Received-SPF: pass (google.com: domain of linux-kernel-owner@vger.kernel.org designates 23.128.96.18 as permitted sender) client-ip=23.128.96.18;
Date:   Mon, 19 Apr 2021 11:44:55 -0700
Message-Id: <20210419184455.2987243-1-lrizzo@google.com>
Mime-Version: 1.0
Subject: [PATCH] smp: add a best_effort version of smp_call_function_many()
From:   Luigi Rizzo <lrizzo@google.com>
To:     linux-kernel@vger.kernel.org, peterz@infradead.org,
        axboe@kernel.dk, paulmck@kernel.org
Cc:     Luigi Rizzo <lrizzo@google.com>
Content-Type: text/plain; charset="UTF-8"
Precedence: bulk

Regardless of the 'wait' argument, smp_call_function_many() must spin
if any of the target CPUs have their csd busy waiting to be processed
for a previous call. This may cause high tail latencies e.g. when some
of the target CPUs are running functions that disable interrupts for a
long time; getrusage() is one possible culprit.
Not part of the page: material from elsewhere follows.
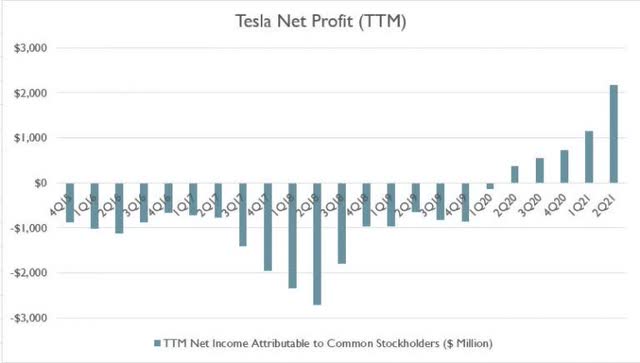 Chart of Tesla's net income ending in Q2 of 2021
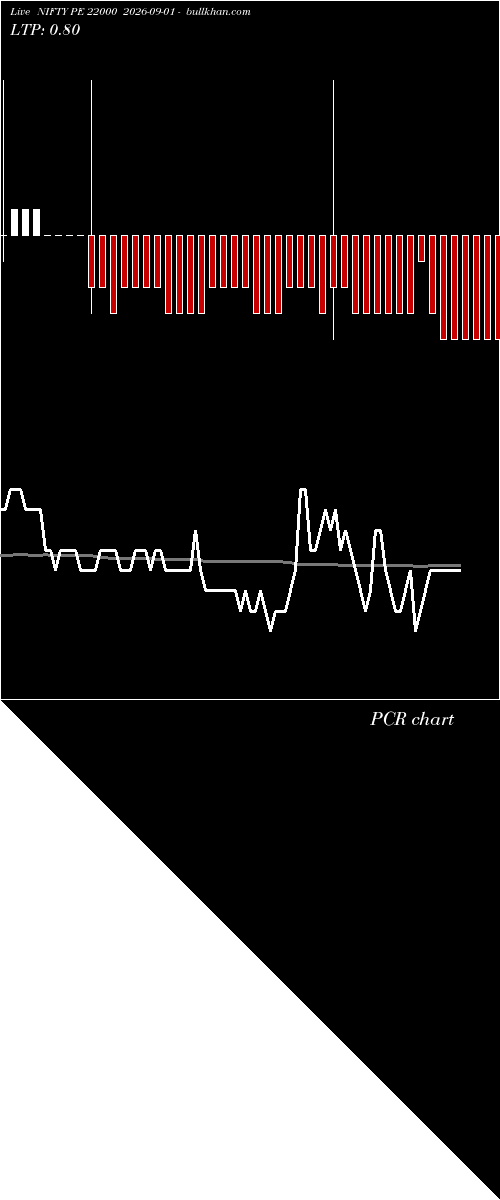  option chart NIFTY PE 22000 2026-09-01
Here we introduce a variant, __smp_call_function_many(), that adds
a third 'best_effort' mode to the two existing ones (nowait, wait).
In best effort mode, the call will skip CPUs whose csd is busy, and if
any CPU is skipped it returns -EBUSY and the set of busy in the mask.
This allows the caller to decide how to proceed, e.g. it might retry at
a later time, or use a private csd, etc..

The new function is a compromise to avoid touching existing callers of
smp_call_function_many(). If the feature is considered interesting, we
could even replace the 'wait' argument with a ternary 'mode' in all
smp_call_function_*() and derived methods.

Signed-off-by: Luigi Rizzo <lrizzo@google.com>
---
 include/linux/smp.h | 10 ++++++
 kernel/smp.c        | 75 +++++++++++++++++++++++++++++++++++++--------
 2 files changed, 72 insertions(+), 13 deletions(-)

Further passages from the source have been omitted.